“Third You Die,” completes Scott Sherman’s trilogy


Scott Sherman’s “First You Fall,” which won the 2009 Lambda Literary Award for Best Gay Mystery was followed by “Second You Sin.” “Third You Die” it is Sherman’s completion of his announced trilogy. It appeared in trade paperback in September 2012, published by Kensington Books.

Scott Sherman is a popular fiction writer with a wide following of readers. The Kindle edition of this book was at one time number 53 of the 100 most popular titles available at the Kindle store, which attests to the popularity of this author.

If you are not familiar with the Kevin Connor Mysteries, here is a short plot synopsis. Kevin Connor is gay, 5’3″ tall, weighs 125 pounds, is half Jewish, and has ADHD. He lives in New York City, where the book is set in the present time. His boyfriend is a New York City police detective with a son named Rafi. He was a call-boy who now works for his mother’s popular television show, “Sophie’s Voice.” He meets an adult film star who is a guest on the show. The guest swears he knows dangerous facts which would be big news. The man is later found to be missing. The search for this missing porn star, and where it takes our hero, is the story of “Third You Die.”

Even though it has 344 pages, the trade paperback edition is formatted in such a way to be an easy read. Also helping the reader is the fact that the book is divided into 45 chapters. This could facilitate reading this as a commuter – or during periods of free time throughout the day.

I found that I needed a few hours each day over a snowy weekend to finish the book.

It is written in a breezy style which is heavy on introspection by the protagonist. We read a simple conversation between Kevin and his flaming friend, Freddy, for example, which can take pages to complete because of the interior dialogue in Kevin’s mind about dozens of digressions before the talk ends. For some, this might cause the reader to scan over pages in order to keep the story going.

If one had to pick, I would say the author is too concerned with age, wrinkles, and how these things make men “ugly.” Descriptions of physical imperfections of ageing and the lack of attractiveness in the not- so- young appear frequently. It makes me wonder if the middle-aged men he disparages are members of his reading public, which certainly complicates the issue.

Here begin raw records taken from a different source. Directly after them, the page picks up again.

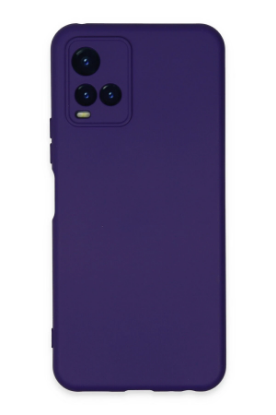 Newface Vivo Y21S Kılıf Nano içi Kadife Silikon - Mor resmi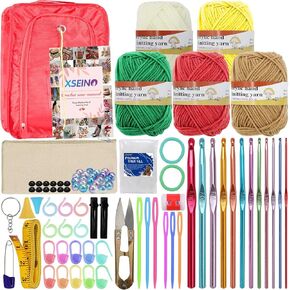 XSEINO Crochet Kit for Beginners - Crochet Start Kit with Step-by-Step Video Tutorials - Learn to Crochet Kits for Adults and Kids - Alpaca, Hamster, Chubby Chicken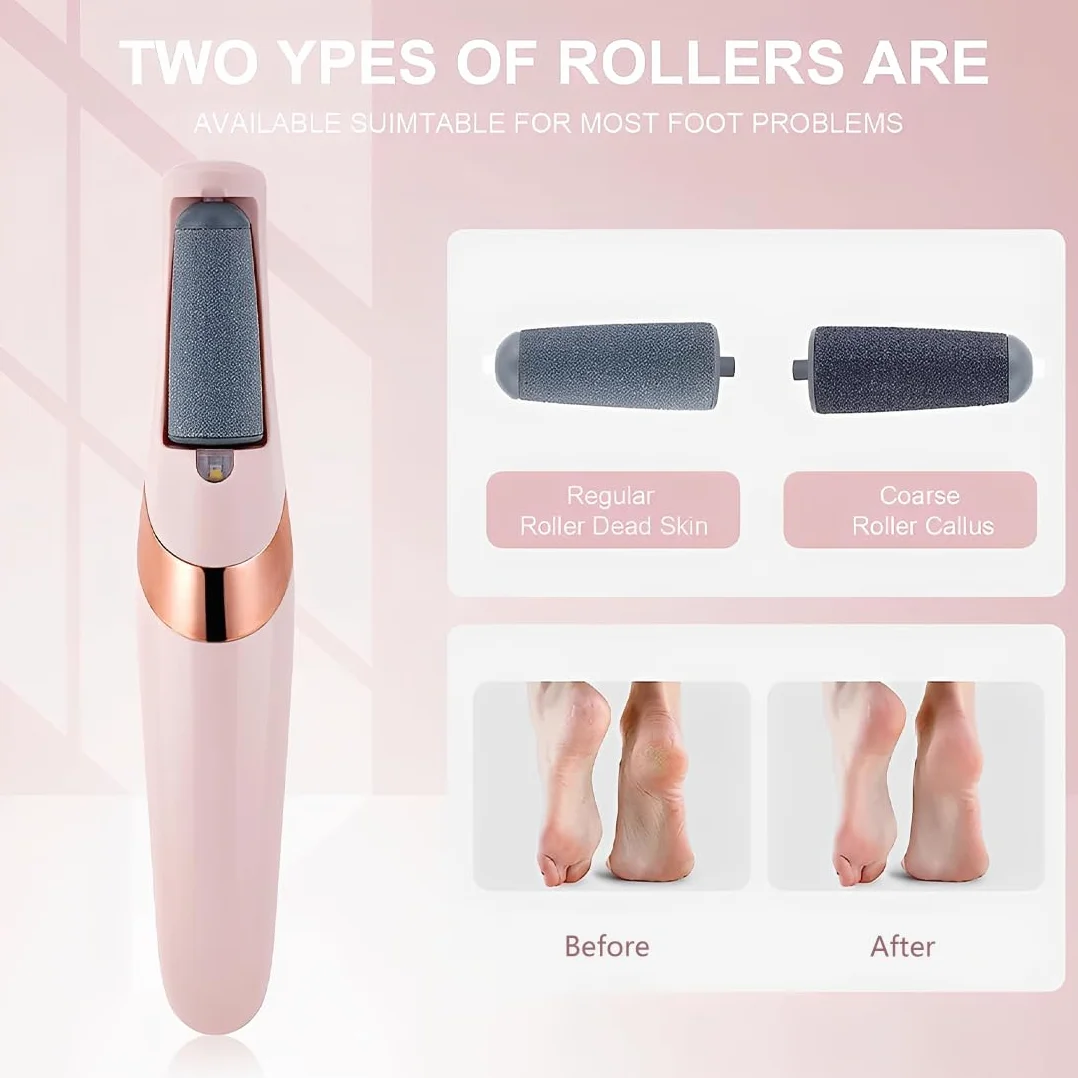 Tomdesk Pedicure Elettrico Professionale Ricaricabile per Talloni, 2 Velocità LED, Cura Piedi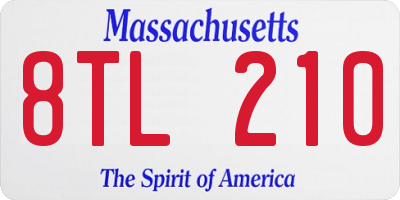 MA license plate 8TL210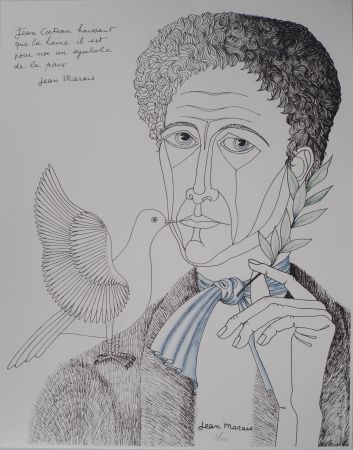 Litografía Marais  - Jean Cocteau à la colombe et au rameau, Homme de Paix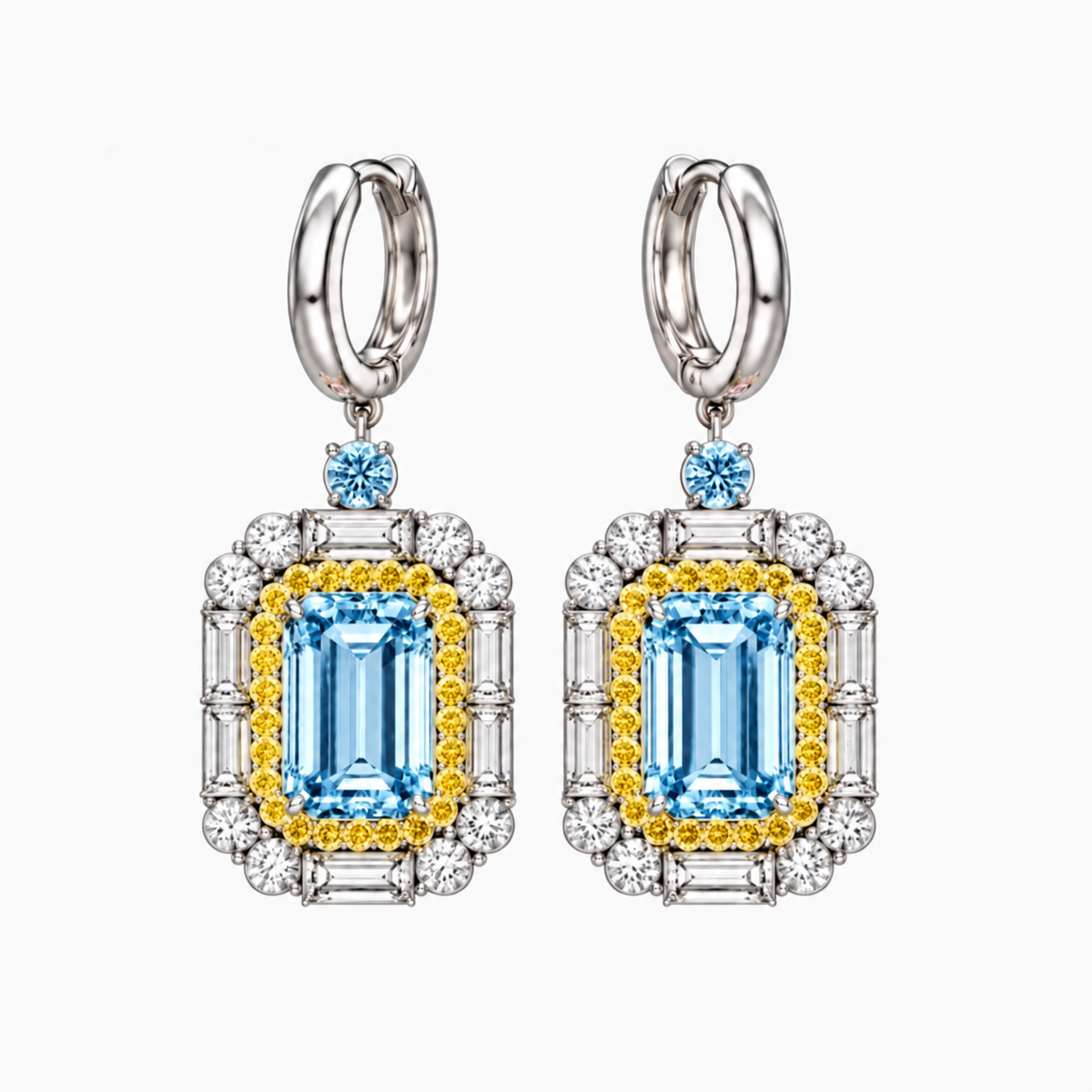 Original Design - Emerald Cut Pink / Aquamarine Sapphire Dangle Earrings - 1 Pair(2 Color Options)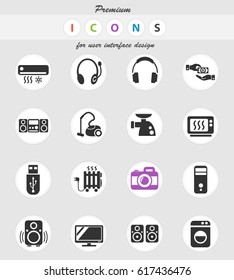 electronics supermarket web icons for user interface design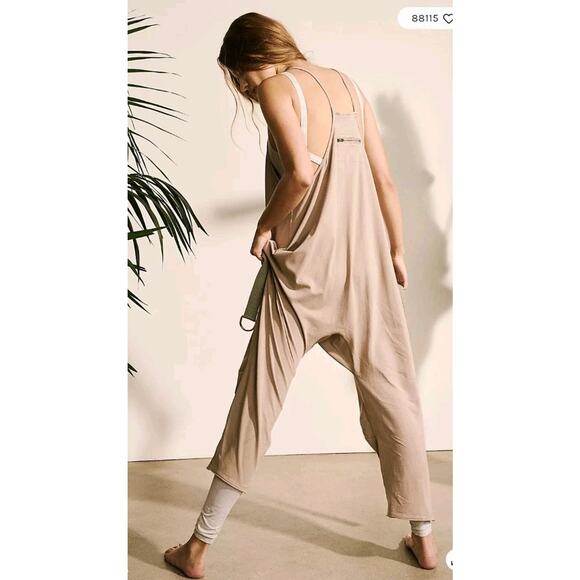 Free People FP Movement Hot Shot Jumpsuit Womens Sz Large Mocha Latte Loungewear - Picture 2 of 10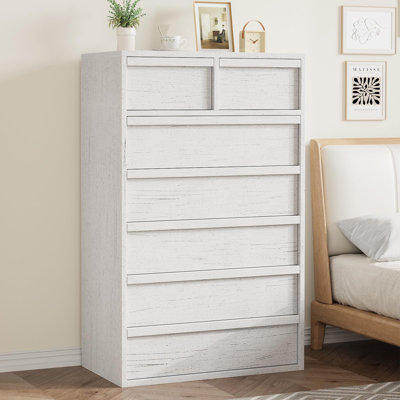3 Drawer Dresser, 31.2" Tall Rattan Chest of Drawers, Modern Wood Storage Cabinet for Bedroom, Living Room, Closet Organizer, by Ebern Designs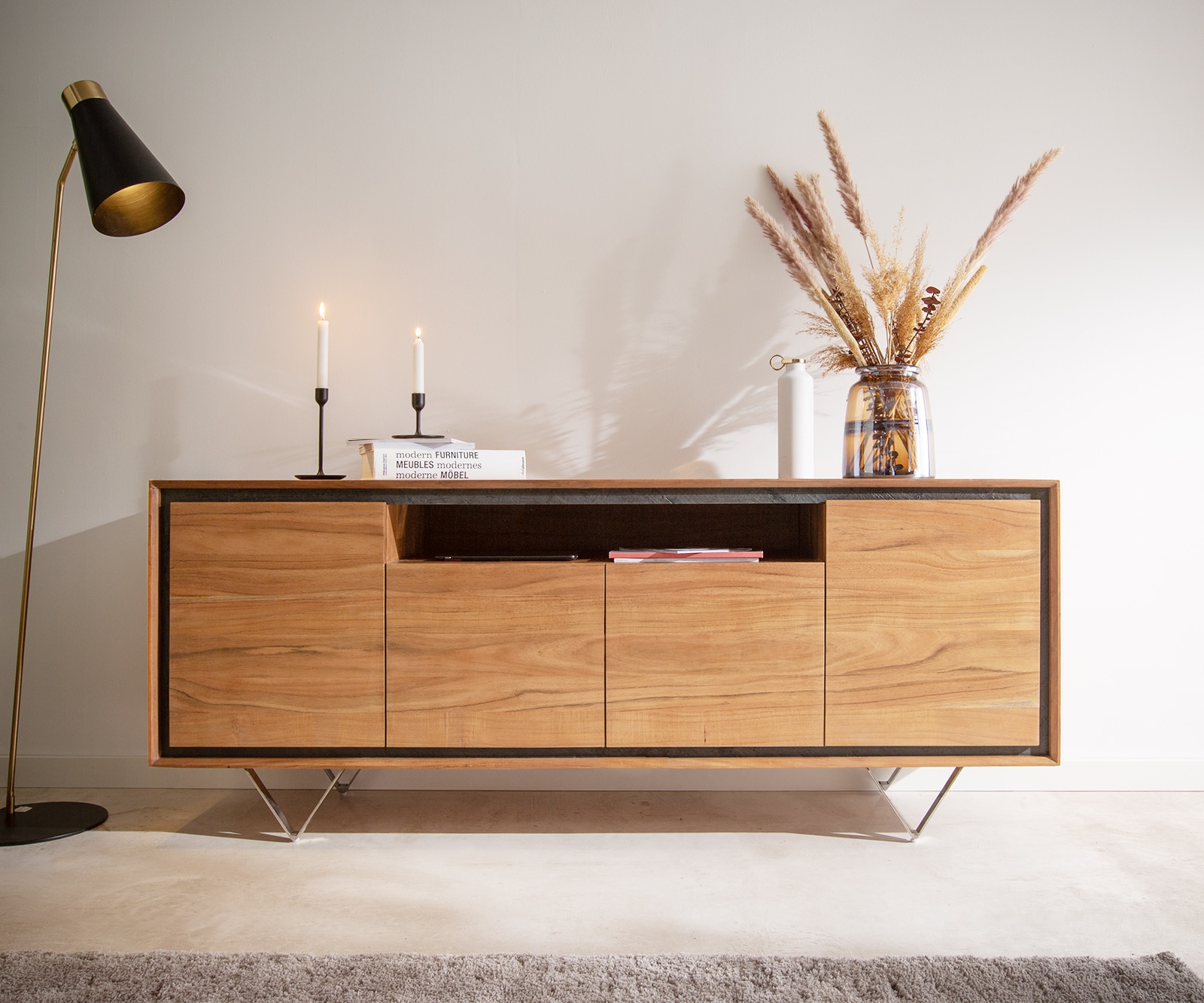 Бюфет 175 cm Акация Натурал 4 Врати 1 Рафт каменен фурнир V-Крак Stonegrace 1 Бюфет 175 cm Акация Натурал 4 Врати 1 Рафт каменен фурнир V-Крак Stonegrace 1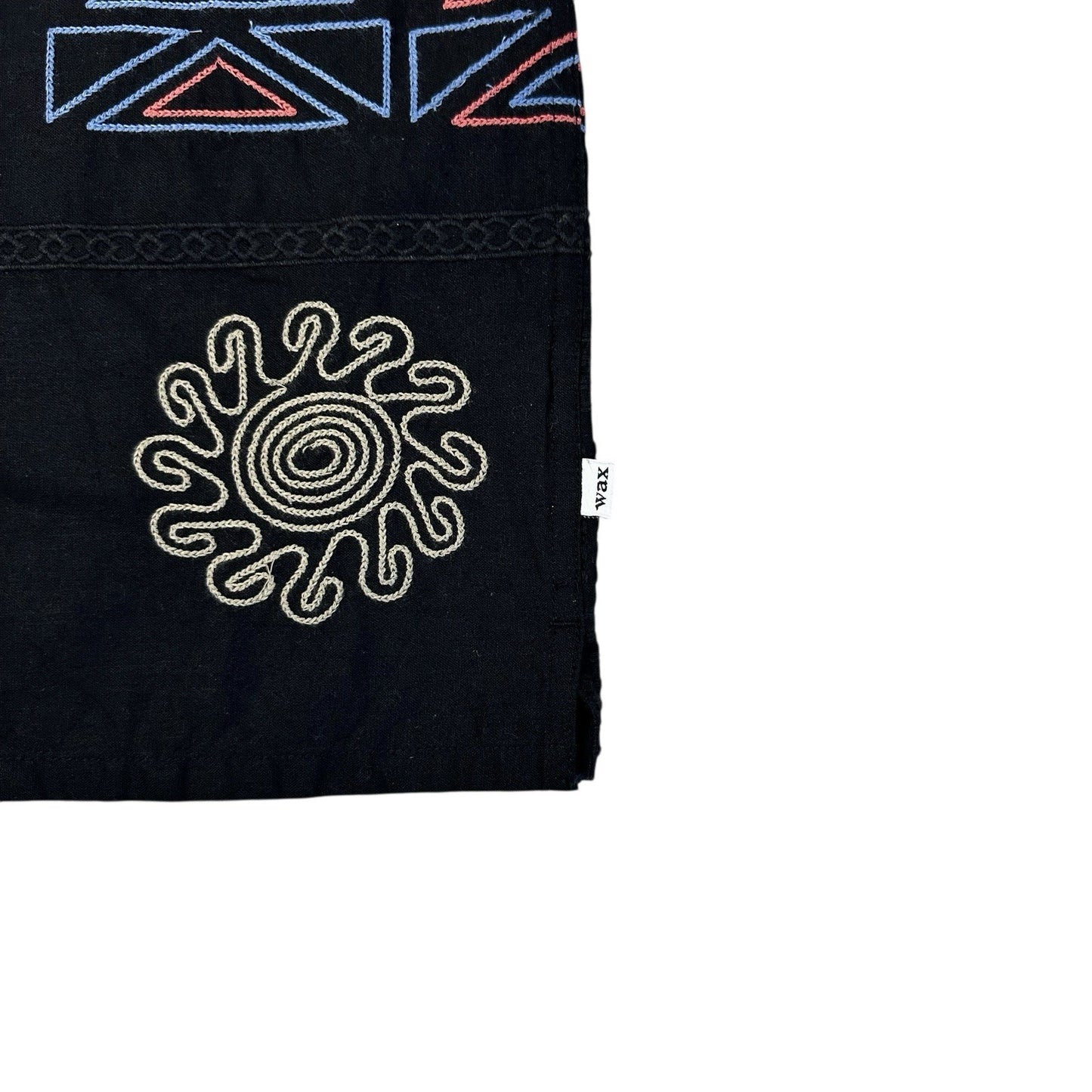 Wax London Didcot Shirt Navy Blue Embroidered Design Men’s Medium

There are plenty of plot twists and turns to keep the reader interested. Will Tony and Kevin stay together? What scenes will Kevin’s mother cause? What about sexy Lucas, Andrew, Cody, the mysterious KLN? All these and more subplots keep the machinery whirring.

One of my favorite comments in the book is when the author has the protagonist describe the unnamed Michael Bloomberg as “[T]he city’s current mayor, a pretty popular Independent who’d risen to prominence in the business world before entering politics … ”

The solution to the mystery is a gory shocker, which may be a bit too much for the faint of heart. However, like any true Romance, there is the hero’s journey, as he deals with evil and triumphs in the end, with an extravagantly happy, gay ending [a touch of magic?] which may or may not ring true for the reader. For fans of Kevin Connor, and of Scott Sherman, they would be very pleased with the happy ending.